Prof John Halliday Scott FRSE (28 December 1851 – 25 February 1914) was a notable Scottish-born New Zealand university professor, artist and medical school dean.
He was born John Lidderdale Scott at 13 Drummond Place[1] in Edinburgh, Scotland in 1851. His parents were Marion Shaw Lidderdale and Andrew Scott (WS).
He was educated at Edinburgh Institution and then studied medicine at the University of Edinburgh, graduating with an MB ChB in 1874. He then went on to take the Membership of the Royal College of Surgeons postgraduate diploma in 1876. The adoption of the middle name "Halliday" appears a homage to his university professor: John Halliday Croom.
He obtained a position as House Surgeon at the Royal Infirmary of Edinburgh then Stirling Royal Infirmary. He returned to Edinburgh as a Demonstrator in Anatomy 1876/77 and obtained his doctorate (M.D.) in 1877.[2] [3] He was elected as a Fellow of the Royal Society of Edinburgh in May 1880. His proposers were Sir Charles Wyville Thomson, Sir William Turner, Daniel John Cunningham and Sir John Murray.[4]
Scott practiced in Scotland for a time before he was appointed Dean of the Medical Faculty and Professor of Anatomy and Physiology at the University of Otago 1877 to 1914.[2] He sailed out on SS Ringarooma arriving on 27 July 1877. His first home in Dunedin was a semi-detached house on St David Street (later named Scott Street in his honour).[5]

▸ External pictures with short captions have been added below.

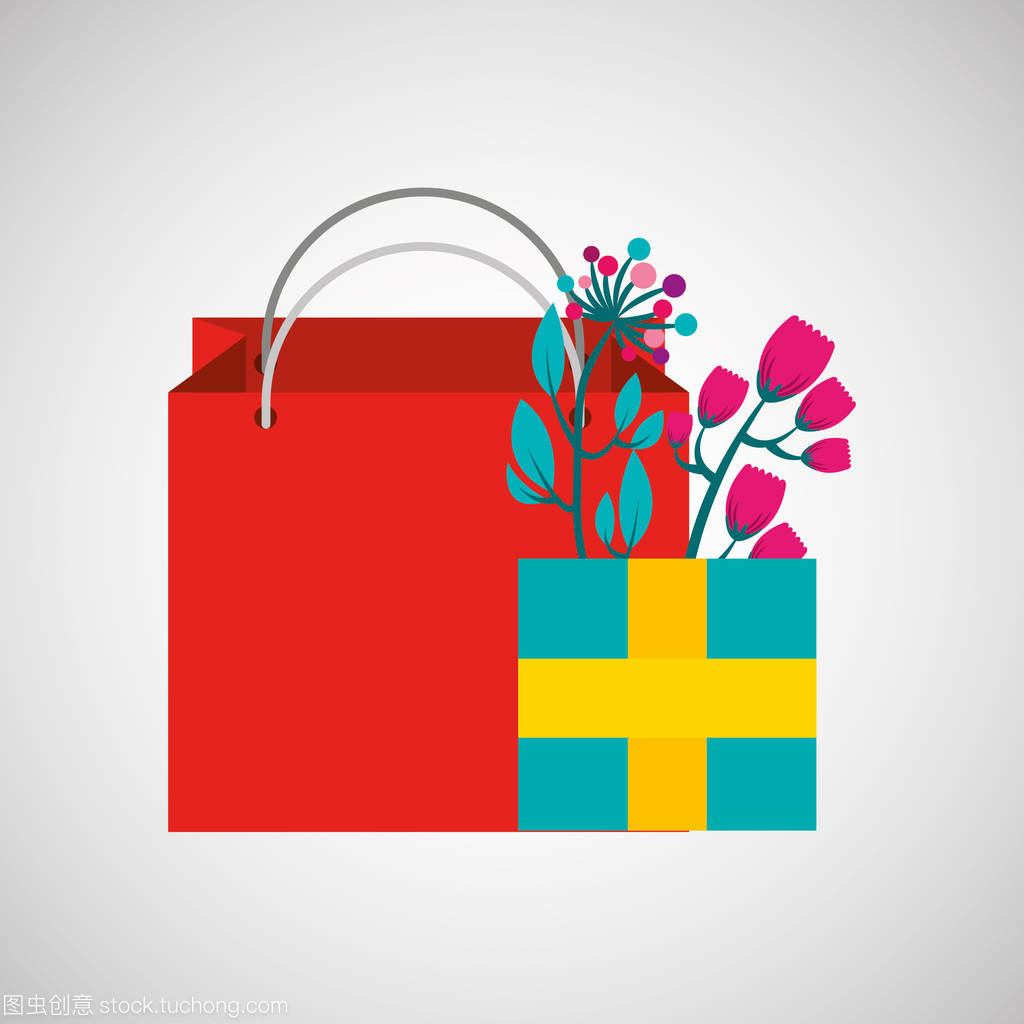 袋禮品花 Ornato 設計 禮品花卉的藝術升級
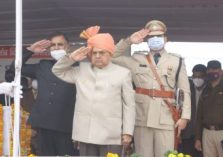 आयुक्त हिसार 26 जनवरी 2022 को फतेहाबाद में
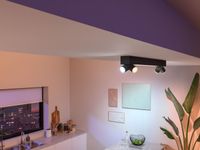 Philips Lighting Hue LED-plafond- en wandlamp 5060730P7 Centris GU10, LED vast ingebouwd 62.8 W - thumbnail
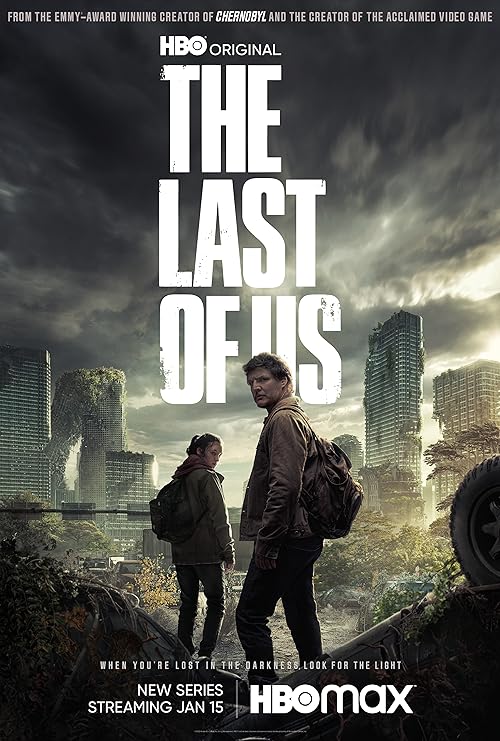 دانلود سریال The Last of Us دوبله فارسی
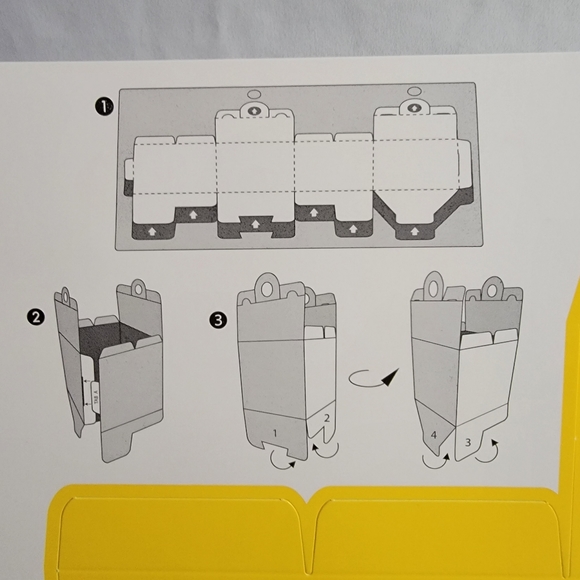 New Super Mario Favor Boxes - Picture 2 of 8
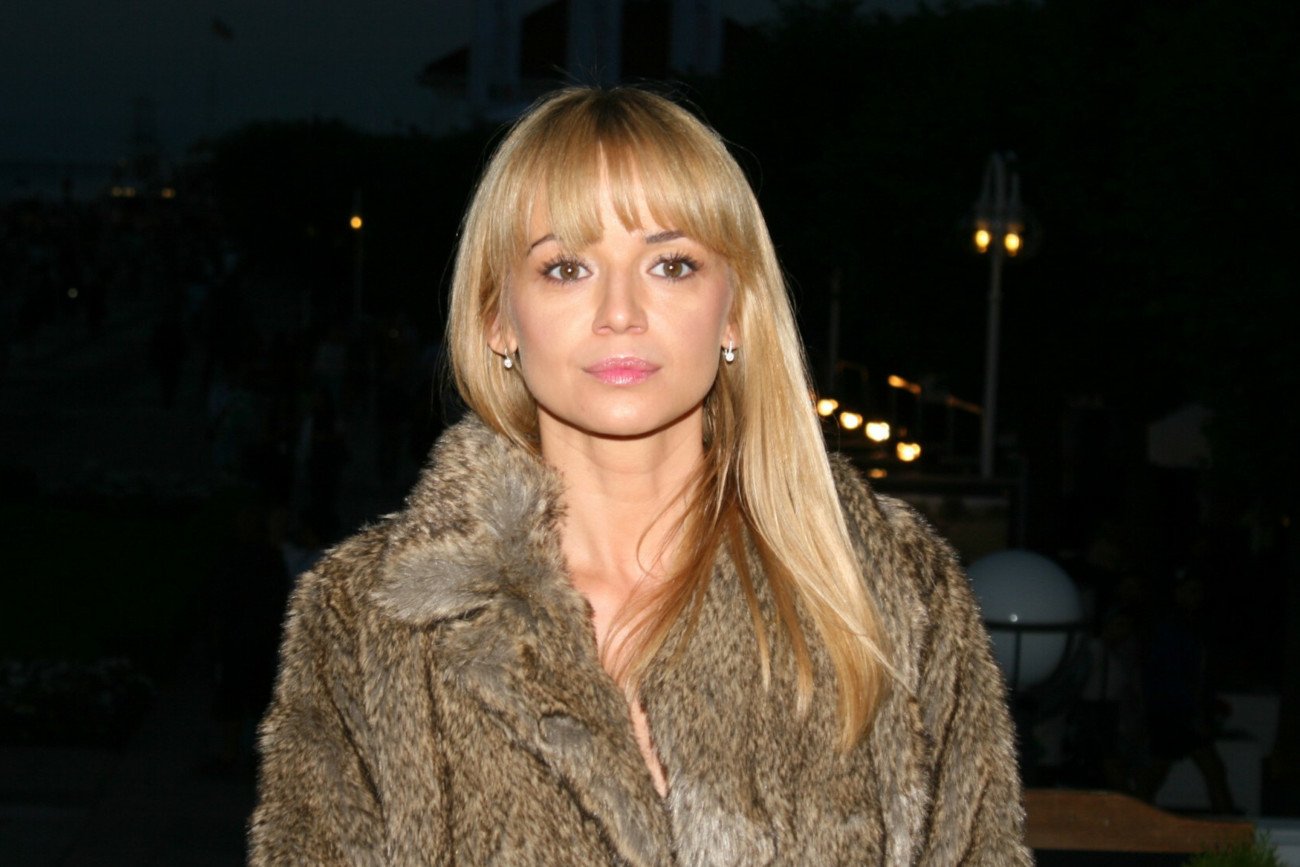 Anna Przybylska walczyła z rakiem.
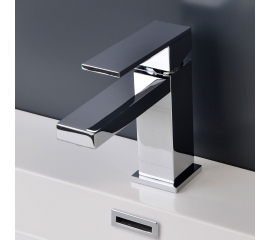 CBI Oceanus Single Hole Bathroom Faucet in Chrome CL-JDL8851000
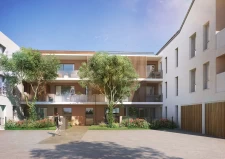 Programme immobilier neuf de 2 lots à Serpaize (38200)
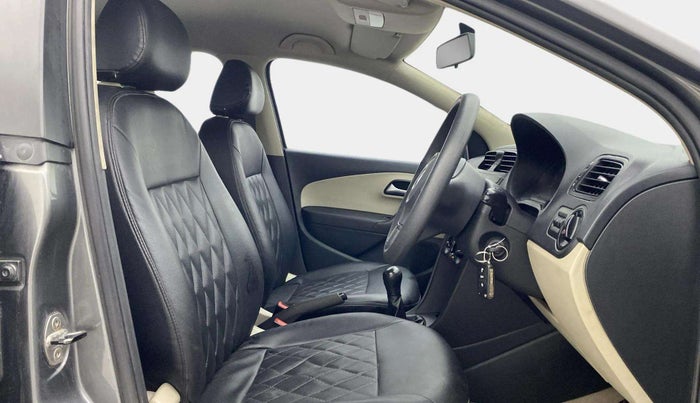 2013 Volkswagen Polo COMFORTLINE 1.2L PETROL, Petrol, Manual, 56,736 km, Right Side Front Door Cabin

He was appointed Dean of Medicine in 1896. Around 1900 he moved to Carlinwark.
He joined the Otago Art Society and was its Secretary for 30 years and was a member of the Otago Institute.
A series of small strokes left him with no speech. He died in Dunedin on 25 February 1914.
Scott was a gifted artist and also a competent photographer.[5]
In 1882 he returned to Britain during the summer vacation (winter in UK) and in January 1883 married Helen Gardner Bealey (d.1899) in Cheltenham. She returned with him to New Zealand and they had two daughters and three sons.